Amnesty International tance la République tchèque sur la question des
réfugiés et la discrimination des enfants roms
Dans son rapport annuel, l’ONG Amnesty International pointe du doigt
notamment les manquements de la République tchèque vis-à-vis de la
question des réfugiés, mais revient également sur le problème de la
trop forte proportion d’enfants roms dans les écoles « pratiques »,
où sont pris en charge des enfants avec un léger handicap mental. Pour
évoquer ces questions brûlantes de l’actualité, Radio Prague a joint
le directeur du bureau tchèque d’Amnesty International, Mark Martin, qui
a d’abord rappelé en quoi consistait ce rapport annuel.
« Notre intention est de présenter un rapport qui capte l’état des
droits de l’Homme dans le monde entier. Cette année, par exemple, il y a
160 pays que nous avons étudiés, comme on le fait tous les ans. Nous
voulons présenter l’état des droits de l’Homme dans ces pays. »
La question des réfugiés et de la crise migratoire fait
l'actualité que ce soit en République tchèque ou ailleurs en
Europe. Quelles sont les conclusions d'Amnesty sur la question des
réfugiés en République tchèque ?
« Il y a plusieurs conclusions sur la question des réfugiés en
République tchèque. Une des plus importantes, c’est le fait que la
République tchèque ne fait pas grand-chose pour trouver une solution à
sa mesure au problème des réfugiés. Le refus constant de la République
tchèque d’accueillir des réfugiés dans le pays est pour nous un gros
problème. Après une longue lutte avec le gouvernement, ce dernier a fini
par accepter d’accueillir un faible nombre de réfugiés, soit environ 2
000 personnes. Pour un pays de 10 millions d’habitants, c’est un
chiffre vraiment très bas. Cela dit, ce n’est pas uniquement un
problème tchèque, c’est aussi le cas pour toute la région de
l’Europe centrale. La deuxième chose, c’est que la République
tchèque, comme on a encore pu le voir après la réunion du groupe de
Visegrad, c’est que l’accent est beaucoup mis sur le problème des
frontières et pas du tout sur celui de la situation des réfugiés. Selon
nous, il faut changer le mode d’approche de ce problème et faire
davantage pour garantir la sécurité des routes pour les migrants qui
viennent en Europe depuis l’Afrique ou ailleurs. »
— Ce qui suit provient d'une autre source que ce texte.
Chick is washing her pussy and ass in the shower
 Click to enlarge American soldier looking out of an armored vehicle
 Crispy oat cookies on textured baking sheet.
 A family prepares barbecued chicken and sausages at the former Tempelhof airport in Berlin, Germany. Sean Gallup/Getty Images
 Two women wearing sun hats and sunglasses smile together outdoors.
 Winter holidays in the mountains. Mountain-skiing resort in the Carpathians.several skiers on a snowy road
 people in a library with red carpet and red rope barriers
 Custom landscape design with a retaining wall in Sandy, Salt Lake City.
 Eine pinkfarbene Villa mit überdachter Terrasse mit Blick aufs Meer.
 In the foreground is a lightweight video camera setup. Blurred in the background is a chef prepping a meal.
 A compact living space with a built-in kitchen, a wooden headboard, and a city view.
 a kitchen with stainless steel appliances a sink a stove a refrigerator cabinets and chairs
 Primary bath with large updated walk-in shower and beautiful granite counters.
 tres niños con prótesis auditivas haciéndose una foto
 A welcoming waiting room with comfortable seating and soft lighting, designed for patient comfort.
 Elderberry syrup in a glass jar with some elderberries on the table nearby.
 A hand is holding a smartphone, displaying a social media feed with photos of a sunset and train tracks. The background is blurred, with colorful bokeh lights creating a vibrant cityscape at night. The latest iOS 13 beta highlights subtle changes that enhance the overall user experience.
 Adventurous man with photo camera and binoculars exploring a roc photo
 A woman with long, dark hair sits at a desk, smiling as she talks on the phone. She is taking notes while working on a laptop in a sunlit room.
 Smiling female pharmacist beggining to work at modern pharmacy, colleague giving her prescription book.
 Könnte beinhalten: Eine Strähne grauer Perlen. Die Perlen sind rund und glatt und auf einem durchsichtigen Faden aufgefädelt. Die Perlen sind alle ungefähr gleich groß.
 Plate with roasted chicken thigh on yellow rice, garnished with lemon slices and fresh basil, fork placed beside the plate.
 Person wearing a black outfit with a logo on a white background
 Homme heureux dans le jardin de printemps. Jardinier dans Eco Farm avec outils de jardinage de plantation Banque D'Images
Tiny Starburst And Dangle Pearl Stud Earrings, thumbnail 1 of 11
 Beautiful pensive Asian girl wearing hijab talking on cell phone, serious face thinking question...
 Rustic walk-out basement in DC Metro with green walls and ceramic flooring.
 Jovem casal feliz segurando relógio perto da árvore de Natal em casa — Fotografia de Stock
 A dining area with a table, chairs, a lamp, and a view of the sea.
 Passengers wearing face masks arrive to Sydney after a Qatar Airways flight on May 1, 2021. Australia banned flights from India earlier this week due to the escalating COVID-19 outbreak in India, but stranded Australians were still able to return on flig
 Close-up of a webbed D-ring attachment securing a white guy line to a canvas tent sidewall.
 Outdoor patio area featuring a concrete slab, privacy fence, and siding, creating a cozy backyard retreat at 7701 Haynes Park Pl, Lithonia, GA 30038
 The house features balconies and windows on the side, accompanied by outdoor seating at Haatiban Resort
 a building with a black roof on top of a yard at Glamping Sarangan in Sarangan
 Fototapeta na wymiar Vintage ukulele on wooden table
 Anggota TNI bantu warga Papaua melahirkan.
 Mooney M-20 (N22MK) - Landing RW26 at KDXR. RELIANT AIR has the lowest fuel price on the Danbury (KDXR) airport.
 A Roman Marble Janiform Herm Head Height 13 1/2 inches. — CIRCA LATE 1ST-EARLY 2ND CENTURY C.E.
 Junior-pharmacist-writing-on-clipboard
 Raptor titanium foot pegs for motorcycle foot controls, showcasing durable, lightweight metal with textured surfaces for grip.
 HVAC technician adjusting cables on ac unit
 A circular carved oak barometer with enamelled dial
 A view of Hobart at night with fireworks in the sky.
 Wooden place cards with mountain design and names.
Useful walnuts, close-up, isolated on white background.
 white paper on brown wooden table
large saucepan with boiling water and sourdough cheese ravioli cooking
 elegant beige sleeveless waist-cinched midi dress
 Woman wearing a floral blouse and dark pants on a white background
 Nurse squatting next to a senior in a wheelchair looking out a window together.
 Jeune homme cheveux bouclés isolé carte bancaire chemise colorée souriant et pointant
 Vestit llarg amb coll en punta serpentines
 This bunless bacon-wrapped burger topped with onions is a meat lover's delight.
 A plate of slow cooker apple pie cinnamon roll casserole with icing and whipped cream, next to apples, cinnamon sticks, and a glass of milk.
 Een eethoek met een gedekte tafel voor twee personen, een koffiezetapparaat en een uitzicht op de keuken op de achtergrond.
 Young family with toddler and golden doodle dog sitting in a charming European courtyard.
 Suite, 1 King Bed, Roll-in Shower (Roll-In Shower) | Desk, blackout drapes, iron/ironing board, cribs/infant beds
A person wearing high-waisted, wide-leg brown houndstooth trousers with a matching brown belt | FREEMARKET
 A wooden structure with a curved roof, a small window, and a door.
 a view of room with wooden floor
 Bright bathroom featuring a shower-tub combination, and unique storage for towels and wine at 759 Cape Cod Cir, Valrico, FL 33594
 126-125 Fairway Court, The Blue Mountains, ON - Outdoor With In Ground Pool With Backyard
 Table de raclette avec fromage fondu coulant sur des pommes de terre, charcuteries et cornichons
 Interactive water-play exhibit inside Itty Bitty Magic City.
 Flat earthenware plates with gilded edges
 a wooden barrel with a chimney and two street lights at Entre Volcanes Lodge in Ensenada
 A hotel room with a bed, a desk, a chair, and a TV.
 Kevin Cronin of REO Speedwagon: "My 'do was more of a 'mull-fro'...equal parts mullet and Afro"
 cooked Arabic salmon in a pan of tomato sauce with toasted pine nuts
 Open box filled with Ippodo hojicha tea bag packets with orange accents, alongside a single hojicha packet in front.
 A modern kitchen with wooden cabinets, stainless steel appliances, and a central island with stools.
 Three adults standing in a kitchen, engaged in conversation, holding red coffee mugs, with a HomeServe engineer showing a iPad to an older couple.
Le rapport évoque notamment nommément le président tchèque Miloš
Zeman et ses déclarations sur les réfugiés et les musulmans. Est-ce
fréquent, dans vos rapports, de faire référence de manière aussi
explicite à des hommes politiques, et particulièrement à un homme
politique haut placé ?
« Je dirais qu’on ne le fait pas tout le temps, mais ce n’est pas
rare. Dans un cas comme celui du président Zeman, l’organisation Amnesty
International doit dire ce qu’elle pense de ses propos. Ce n’est pas
dans le rapport annuel, mais on a aussi commenté très sévèrement les
choses qu’a dites Viktor Orban en Hongrie. C’est la même chose. Cela
veut dire qu’on ne le fait pas tout le temps, mais quand ce sont des
choses graves comme ce qu’a pu déclarer M. Zeman, il faut le dénoncer.
»
De manière générale, le rapport pointe du doigt la gestion de la crise
migratoire par l'ensemble des pays de l'UE, hormis
l'Allemagne. Les pays d'Europe centrale sont très souvent mis en
cause par les pays occidentaux pour leur position sur cette question. Mais
le rapport d'Amnesty International montre que la France par exemple
est aussi critiquable dans sa gestion des réfugiés...
« La France peut en effet faire les choses différemment et mieux. Il
fallait le dire aussi dans notre rapport. La France fait partie d’un
groupe de pays européens qui ont des problèmes différents de ceux des
pays du groupe de Visegrad. La France, la Grèce, la Hongrie, l’Italie et
l’Espagne ont des problèmes avec la gestion des réfugiés. Un cas
spécifique, mentionné dans le rapport, est celui du campement de Calais
où il y avait jusqu’à 5 000 personnes. Ils y ont été mal traités et
ce n’est pas une situation acceptable. C’est quelque chose qu’il faut
améliorer, comme il faut le faire en Grèce, en Espagne et en Italie. »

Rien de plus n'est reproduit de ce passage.